- Try it:
In these records, how many lines contain "shows"? Please reply with the number only.

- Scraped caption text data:
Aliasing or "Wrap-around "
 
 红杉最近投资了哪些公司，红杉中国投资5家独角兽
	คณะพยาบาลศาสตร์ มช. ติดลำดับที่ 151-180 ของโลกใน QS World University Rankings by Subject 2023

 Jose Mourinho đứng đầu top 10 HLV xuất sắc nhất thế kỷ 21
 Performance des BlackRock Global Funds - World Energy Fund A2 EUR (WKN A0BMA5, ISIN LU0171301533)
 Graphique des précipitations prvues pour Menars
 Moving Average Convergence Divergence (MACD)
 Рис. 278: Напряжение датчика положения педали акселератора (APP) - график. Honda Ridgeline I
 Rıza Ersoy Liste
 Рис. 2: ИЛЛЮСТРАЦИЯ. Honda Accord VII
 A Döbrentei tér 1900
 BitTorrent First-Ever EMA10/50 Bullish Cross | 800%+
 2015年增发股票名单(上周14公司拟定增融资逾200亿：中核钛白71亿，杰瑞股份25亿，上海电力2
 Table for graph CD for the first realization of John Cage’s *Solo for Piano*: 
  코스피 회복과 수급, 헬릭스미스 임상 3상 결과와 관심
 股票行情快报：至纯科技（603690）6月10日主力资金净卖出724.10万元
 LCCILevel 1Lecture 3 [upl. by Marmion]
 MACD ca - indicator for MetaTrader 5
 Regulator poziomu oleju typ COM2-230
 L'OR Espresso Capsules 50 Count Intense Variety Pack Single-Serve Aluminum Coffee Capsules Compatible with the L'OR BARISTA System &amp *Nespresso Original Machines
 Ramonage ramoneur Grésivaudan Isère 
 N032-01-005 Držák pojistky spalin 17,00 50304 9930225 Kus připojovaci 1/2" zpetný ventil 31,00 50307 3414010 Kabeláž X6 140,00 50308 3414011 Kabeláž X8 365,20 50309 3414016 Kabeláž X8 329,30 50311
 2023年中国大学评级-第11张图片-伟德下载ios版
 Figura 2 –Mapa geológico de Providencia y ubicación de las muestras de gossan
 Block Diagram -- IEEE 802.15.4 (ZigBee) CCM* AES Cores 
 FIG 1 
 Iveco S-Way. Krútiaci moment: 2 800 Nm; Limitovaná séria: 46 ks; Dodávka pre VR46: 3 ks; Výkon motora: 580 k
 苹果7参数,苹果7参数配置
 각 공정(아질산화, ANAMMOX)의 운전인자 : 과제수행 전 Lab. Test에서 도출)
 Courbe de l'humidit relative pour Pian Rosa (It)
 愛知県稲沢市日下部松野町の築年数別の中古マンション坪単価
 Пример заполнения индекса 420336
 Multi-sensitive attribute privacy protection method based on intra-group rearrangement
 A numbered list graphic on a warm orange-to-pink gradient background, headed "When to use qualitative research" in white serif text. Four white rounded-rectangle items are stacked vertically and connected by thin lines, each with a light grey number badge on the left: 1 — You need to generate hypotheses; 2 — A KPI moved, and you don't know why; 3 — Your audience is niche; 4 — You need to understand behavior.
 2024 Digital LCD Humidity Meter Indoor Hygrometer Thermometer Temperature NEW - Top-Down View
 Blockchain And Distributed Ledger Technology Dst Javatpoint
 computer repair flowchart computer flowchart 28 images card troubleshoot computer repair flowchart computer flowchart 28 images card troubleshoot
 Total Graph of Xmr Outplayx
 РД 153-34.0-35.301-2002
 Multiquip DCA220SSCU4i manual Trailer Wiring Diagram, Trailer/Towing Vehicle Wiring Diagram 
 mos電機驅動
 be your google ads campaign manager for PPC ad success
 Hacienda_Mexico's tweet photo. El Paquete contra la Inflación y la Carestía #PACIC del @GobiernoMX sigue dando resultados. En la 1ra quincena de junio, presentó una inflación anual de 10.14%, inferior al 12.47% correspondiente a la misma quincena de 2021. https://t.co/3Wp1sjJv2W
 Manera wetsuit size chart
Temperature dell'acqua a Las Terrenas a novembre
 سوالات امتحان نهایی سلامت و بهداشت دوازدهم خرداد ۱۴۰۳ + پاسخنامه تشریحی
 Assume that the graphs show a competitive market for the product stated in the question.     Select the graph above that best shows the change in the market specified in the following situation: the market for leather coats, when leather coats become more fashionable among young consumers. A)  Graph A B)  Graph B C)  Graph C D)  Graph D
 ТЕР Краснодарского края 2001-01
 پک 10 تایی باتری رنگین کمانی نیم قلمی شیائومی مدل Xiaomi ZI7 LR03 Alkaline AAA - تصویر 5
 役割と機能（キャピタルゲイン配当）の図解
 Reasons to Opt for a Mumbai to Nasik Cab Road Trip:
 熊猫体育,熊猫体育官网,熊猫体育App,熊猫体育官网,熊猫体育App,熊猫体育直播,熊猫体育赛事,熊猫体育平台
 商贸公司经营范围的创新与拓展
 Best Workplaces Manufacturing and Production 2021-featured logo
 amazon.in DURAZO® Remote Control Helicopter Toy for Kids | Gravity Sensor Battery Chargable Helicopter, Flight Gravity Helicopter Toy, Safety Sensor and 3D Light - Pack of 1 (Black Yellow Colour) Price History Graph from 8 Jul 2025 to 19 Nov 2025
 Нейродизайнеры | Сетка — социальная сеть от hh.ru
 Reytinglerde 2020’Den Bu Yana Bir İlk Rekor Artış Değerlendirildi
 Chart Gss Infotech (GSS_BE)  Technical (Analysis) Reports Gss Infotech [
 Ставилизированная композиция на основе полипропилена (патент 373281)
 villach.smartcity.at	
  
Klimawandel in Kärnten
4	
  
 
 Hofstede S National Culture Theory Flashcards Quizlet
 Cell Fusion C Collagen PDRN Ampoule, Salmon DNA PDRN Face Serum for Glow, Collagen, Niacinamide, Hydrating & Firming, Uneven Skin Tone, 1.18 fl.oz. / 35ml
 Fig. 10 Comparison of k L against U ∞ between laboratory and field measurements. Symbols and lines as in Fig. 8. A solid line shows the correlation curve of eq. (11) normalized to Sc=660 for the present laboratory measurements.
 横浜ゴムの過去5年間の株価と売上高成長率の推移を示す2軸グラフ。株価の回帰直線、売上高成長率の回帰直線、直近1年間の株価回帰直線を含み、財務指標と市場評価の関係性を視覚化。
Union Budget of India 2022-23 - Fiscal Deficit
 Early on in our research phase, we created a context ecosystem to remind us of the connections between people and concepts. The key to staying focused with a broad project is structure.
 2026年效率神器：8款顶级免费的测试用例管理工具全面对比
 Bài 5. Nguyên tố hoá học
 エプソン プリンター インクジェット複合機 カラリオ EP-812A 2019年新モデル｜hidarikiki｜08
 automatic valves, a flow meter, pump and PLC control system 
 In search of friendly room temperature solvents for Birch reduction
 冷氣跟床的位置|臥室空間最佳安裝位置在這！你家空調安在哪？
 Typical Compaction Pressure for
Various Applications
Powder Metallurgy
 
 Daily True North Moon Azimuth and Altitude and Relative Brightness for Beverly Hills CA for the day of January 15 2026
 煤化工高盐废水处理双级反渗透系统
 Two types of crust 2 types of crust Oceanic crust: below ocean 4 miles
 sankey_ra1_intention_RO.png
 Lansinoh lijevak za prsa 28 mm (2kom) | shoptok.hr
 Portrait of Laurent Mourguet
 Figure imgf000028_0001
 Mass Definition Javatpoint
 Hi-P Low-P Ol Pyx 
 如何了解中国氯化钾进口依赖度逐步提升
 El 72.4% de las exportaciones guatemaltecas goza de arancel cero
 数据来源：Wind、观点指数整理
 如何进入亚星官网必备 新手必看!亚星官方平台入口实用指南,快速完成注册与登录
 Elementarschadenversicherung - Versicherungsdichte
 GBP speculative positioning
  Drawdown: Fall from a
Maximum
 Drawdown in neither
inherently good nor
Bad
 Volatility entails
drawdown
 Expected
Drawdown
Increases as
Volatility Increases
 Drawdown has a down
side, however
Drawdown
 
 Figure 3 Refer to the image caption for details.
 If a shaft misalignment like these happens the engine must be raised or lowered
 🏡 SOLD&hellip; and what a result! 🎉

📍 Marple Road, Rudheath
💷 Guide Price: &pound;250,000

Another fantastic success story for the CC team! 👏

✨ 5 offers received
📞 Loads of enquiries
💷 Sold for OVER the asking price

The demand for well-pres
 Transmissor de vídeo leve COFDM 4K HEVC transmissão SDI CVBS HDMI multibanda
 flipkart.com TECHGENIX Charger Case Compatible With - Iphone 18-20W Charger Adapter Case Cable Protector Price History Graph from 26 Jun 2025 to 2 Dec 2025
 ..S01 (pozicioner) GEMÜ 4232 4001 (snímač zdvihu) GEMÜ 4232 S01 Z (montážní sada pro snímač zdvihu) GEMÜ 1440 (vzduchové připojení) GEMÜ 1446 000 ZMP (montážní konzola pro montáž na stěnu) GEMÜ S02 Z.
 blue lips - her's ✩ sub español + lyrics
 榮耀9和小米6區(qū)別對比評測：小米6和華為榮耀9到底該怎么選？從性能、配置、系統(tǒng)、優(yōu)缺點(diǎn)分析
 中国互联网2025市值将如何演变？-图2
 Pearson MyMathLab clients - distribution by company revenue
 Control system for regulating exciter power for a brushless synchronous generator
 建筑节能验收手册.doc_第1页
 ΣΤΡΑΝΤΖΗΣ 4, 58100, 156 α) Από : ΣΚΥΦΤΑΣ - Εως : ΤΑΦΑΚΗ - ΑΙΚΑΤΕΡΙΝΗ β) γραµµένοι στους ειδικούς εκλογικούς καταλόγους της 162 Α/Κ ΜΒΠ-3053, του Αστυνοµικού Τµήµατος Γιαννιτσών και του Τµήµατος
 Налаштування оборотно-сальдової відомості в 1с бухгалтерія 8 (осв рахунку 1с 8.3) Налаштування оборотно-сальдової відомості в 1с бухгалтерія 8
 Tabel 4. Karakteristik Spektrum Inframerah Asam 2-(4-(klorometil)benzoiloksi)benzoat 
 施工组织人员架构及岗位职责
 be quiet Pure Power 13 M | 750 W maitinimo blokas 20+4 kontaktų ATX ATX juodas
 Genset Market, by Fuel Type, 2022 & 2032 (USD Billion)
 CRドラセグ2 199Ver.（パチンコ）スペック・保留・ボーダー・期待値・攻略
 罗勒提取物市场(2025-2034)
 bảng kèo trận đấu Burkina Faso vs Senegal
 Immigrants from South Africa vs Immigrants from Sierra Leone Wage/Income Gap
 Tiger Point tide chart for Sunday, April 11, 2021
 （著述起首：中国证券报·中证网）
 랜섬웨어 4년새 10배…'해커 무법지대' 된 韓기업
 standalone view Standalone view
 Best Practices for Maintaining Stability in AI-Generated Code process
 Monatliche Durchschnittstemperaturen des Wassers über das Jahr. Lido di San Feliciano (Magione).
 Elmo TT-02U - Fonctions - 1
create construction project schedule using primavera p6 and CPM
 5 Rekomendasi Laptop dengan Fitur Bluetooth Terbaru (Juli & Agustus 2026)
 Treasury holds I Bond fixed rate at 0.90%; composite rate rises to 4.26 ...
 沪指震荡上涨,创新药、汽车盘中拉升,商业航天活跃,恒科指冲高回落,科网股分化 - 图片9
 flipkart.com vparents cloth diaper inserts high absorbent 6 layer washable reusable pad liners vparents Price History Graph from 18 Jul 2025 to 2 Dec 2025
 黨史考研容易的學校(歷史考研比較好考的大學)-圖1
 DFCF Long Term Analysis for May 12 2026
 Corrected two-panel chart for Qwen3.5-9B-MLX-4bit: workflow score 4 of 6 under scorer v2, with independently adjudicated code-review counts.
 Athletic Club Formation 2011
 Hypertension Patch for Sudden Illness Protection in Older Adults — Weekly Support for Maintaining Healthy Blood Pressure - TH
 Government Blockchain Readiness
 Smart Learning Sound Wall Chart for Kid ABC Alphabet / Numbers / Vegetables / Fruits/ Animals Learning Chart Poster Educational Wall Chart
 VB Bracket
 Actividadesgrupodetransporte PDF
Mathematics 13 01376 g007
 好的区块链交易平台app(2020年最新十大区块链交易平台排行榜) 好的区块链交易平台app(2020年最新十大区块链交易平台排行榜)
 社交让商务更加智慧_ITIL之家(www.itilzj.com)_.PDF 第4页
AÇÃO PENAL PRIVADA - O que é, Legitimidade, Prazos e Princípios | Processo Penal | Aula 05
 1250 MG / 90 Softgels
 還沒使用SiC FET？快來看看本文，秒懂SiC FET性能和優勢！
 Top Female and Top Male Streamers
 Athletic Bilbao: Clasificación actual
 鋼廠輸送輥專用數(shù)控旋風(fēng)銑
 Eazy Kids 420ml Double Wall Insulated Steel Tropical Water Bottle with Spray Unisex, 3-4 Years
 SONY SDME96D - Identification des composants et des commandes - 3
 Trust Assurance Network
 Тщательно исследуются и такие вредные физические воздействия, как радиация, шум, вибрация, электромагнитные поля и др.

- Finished task:
2